Mironov as a child took acting classes, joined an amateur dance group and graduated from music school as an accordion player.
He went on to play leads in Denis Yevstigneyev's Limita and Mama,[citation needed] and to receive a Best Supporting Actor award at the 1995 Sozvezdie International Film Festival for a special appearance in Nikita Mikhalkov's Oscar-winning Burnt by the Sun.
Also notable among his early film efforts is the character of Khlestakov in Sergei Gazarov's screen adaptation of Gogol's The Government Inspector.
Mironov's characters include sinister mama's boy in Nikolai Lebedev's Snake Spring, a lovelorn sponger in His Wife's Diary and a naive Soviet cook in Dreaming of Space (both directed by Alexei Uchitel), the deceptively simple intelligence officer in Mikhail Ptashuk's August of 44, the man-turned-bug in Valery Fokin's adaptation of Kafka's "The Metamorphosis", a war-deranged soldier in Andrei Konchalovsky's House of Fools, an arrogant surgeon in Yegor Konchalovsky's "Escape", a talented loser in Konstantin Khudyakov's "On Upper Maslovka", and a millionaire psycho killer in Andrei Kavun's The Hunt for Piranha.

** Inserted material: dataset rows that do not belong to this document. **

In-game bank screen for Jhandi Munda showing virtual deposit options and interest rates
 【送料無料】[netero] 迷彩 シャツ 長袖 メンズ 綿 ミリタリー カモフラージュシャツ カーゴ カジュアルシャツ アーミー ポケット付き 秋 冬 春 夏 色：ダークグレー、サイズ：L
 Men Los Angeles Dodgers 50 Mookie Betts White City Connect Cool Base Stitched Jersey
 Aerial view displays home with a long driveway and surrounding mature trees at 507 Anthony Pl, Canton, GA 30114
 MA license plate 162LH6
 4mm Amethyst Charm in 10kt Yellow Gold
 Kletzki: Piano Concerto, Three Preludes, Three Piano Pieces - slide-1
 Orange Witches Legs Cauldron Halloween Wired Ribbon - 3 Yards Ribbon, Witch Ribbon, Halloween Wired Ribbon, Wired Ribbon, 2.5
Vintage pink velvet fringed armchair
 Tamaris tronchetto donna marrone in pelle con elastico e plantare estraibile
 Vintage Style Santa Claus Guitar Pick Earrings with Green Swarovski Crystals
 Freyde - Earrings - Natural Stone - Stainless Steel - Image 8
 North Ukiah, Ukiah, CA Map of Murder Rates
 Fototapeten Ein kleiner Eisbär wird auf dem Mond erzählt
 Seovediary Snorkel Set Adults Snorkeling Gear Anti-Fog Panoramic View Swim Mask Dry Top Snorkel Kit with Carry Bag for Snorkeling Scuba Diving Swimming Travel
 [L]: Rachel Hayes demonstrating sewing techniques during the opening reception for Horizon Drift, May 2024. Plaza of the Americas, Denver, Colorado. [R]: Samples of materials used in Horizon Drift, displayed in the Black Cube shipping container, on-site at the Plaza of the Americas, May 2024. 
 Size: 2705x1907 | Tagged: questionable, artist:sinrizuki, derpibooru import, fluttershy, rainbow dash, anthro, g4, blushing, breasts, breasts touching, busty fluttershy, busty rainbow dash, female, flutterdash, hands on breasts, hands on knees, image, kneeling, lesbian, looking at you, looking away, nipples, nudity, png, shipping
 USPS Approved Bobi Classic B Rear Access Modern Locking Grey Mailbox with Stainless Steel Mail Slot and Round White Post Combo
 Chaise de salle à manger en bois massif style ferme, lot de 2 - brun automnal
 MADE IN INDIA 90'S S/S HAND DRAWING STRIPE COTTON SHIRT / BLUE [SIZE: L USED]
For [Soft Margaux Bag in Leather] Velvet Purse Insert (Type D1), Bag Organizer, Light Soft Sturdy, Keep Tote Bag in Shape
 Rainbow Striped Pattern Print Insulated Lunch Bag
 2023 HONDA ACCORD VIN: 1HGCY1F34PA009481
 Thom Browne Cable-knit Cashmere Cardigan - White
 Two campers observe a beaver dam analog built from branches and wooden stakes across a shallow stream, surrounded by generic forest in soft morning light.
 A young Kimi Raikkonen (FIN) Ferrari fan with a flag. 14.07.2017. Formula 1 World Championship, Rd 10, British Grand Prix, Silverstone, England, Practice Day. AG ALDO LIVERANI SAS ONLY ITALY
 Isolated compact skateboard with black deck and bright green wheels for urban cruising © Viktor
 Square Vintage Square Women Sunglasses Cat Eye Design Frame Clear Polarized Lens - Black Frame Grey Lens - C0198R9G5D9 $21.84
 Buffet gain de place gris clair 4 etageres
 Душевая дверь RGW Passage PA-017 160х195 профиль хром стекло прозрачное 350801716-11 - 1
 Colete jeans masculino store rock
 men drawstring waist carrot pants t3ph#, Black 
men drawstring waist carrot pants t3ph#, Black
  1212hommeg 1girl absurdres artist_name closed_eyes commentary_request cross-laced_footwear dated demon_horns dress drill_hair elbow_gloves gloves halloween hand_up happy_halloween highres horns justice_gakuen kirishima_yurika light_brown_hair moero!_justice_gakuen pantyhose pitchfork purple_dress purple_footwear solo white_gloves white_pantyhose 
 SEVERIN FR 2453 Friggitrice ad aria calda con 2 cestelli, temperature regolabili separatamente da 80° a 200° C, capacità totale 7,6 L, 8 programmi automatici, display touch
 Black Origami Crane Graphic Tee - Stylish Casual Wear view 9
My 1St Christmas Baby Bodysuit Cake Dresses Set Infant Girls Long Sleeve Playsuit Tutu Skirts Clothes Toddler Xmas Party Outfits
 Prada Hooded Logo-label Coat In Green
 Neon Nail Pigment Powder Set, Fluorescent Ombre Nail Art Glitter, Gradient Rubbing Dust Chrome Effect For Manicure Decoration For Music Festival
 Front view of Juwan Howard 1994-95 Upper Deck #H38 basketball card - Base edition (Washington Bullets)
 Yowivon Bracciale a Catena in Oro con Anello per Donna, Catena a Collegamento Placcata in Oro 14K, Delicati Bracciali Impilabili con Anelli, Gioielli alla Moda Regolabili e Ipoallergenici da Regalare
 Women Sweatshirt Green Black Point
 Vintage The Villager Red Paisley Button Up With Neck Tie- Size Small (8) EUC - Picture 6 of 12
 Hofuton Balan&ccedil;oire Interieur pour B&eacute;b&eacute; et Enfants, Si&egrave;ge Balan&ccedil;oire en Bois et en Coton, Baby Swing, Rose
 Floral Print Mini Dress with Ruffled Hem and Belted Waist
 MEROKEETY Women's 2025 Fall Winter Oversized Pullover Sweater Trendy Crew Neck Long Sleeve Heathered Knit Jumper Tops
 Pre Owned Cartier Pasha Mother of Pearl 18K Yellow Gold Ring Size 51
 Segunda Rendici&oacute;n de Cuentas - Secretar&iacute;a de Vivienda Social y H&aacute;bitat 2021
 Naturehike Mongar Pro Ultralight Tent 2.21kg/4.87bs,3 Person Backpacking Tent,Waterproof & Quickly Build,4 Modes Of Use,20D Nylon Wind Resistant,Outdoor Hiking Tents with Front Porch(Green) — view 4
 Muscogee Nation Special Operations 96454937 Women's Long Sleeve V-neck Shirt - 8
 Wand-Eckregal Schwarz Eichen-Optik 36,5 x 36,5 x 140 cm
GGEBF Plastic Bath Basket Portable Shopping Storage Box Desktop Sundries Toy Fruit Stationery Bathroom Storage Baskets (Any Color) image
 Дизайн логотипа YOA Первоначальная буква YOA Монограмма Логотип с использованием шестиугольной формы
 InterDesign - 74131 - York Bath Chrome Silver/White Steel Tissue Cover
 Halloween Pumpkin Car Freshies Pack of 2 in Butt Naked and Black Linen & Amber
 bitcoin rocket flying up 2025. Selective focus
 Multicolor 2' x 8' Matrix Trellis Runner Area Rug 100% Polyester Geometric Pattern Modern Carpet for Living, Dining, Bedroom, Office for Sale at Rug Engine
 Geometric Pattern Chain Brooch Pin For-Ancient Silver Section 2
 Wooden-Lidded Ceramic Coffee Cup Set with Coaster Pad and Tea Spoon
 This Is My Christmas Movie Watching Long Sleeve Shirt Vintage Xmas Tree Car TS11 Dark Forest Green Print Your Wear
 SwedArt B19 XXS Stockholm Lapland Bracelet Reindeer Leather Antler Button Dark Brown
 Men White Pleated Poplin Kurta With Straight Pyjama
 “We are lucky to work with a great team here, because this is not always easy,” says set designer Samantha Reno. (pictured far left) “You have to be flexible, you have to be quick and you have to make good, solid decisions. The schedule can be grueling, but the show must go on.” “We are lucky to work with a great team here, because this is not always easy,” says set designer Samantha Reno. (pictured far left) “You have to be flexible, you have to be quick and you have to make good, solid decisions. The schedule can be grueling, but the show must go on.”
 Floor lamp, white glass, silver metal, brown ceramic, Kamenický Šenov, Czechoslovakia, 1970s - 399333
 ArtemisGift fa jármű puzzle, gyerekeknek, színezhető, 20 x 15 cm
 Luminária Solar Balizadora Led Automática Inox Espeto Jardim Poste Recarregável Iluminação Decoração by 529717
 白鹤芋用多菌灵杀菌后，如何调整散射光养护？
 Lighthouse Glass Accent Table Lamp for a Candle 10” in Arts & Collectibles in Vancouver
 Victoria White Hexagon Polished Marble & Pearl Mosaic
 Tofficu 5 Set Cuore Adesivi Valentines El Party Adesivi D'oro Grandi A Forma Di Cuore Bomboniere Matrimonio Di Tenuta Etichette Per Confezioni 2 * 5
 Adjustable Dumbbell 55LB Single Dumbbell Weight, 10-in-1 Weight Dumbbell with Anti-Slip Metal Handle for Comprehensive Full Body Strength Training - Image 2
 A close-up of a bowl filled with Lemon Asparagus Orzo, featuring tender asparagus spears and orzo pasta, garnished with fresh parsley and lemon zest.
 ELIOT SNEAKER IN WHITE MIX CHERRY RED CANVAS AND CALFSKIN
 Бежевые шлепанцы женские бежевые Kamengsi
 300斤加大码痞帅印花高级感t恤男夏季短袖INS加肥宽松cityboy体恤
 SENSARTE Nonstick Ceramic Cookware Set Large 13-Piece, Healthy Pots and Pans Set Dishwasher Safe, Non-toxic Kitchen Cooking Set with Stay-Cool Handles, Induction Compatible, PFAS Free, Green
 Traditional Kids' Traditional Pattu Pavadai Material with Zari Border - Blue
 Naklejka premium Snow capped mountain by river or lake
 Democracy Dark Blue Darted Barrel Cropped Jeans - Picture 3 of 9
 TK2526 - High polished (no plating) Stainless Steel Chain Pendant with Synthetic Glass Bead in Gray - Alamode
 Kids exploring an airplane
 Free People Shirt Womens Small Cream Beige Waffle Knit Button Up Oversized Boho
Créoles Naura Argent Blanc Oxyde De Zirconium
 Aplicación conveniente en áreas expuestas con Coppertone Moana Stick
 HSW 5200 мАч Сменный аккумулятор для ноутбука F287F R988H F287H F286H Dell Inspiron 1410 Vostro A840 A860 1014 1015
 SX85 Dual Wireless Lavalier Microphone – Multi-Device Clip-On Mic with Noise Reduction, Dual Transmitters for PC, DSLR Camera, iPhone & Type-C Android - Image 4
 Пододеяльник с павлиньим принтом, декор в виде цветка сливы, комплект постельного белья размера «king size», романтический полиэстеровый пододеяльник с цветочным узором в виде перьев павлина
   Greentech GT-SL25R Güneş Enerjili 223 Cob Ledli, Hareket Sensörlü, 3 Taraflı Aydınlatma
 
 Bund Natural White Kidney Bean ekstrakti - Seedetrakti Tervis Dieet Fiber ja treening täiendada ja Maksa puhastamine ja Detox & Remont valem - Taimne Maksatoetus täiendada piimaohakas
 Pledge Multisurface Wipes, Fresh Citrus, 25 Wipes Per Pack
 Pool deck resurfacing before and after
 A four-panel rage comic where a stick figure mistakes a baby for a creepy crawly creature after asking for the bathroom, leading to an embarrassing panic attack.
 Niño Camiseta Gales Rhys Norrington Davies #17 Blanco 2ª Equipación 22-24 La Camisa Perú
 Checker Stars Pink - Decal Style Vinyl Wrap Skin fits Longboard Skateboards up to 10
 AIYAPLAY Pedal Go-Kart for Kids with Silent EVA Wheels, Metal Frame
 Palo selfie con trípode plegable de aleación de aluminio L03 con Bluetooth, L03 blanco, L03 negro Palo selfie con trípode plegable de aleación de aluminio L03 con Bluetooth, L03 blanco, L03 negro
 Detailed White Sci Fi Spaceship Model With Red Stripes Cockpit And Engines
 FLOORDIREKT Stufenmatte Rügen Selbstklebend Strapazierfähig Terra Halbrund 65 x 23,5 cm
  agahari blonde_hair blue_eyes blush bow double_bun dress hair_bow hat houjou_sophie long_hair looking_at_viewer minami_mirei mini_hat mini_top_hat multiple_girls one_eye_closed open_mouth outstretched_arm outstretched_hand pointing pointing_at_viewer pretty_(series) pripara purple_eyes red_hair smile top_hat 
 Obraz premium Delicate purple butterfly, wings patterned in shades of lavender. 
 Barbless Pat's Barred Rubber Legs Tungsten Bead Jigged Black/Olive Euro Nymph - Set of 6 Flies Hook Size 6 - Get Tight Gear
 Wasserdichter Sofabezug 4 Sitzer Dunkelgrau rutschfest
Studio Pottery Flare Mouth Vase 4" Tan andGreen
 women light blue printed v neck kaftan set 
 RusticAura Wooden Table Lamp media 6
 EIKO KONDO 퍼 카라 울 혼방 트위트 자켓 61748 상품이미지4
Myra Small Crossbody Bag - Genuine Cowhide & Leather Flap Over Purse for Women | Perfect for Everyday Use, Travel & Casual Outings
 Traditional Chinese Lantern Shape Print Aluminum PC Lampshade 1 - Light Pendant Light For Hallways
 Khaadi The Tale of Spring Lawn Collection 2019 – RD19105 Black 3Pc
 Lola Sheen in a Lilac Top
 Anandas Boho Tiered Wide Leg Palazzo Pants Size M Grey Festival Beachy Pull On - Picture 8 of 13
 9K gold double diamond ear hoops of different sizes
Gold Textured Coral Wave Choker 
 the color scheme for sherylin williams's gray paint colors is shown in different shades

By the mid-1990s, Mironov also starred in international stage projects as German director Peter Stein's The Oresteia and Hamlet, Declan Donnellan's Boris Godunov, Valery Fokin's The Last Night of the Last Czar and The Karamazovs and Hell (for which he was awarded the State Prize of the Russian Federation).
On 18 December 2006, Mironov became Artistic Director of Moscow's State Theatre of Nations, where he has : Shukshin's Stories by Alvis Hermanis, Figaro.
The Events of One Day by Kirill Serebrennikov, Caligula by Eimuntas Nekrošius, Miss Jilie by Thomas Ostermeier and Hamlet | Collage by Robert Lepage.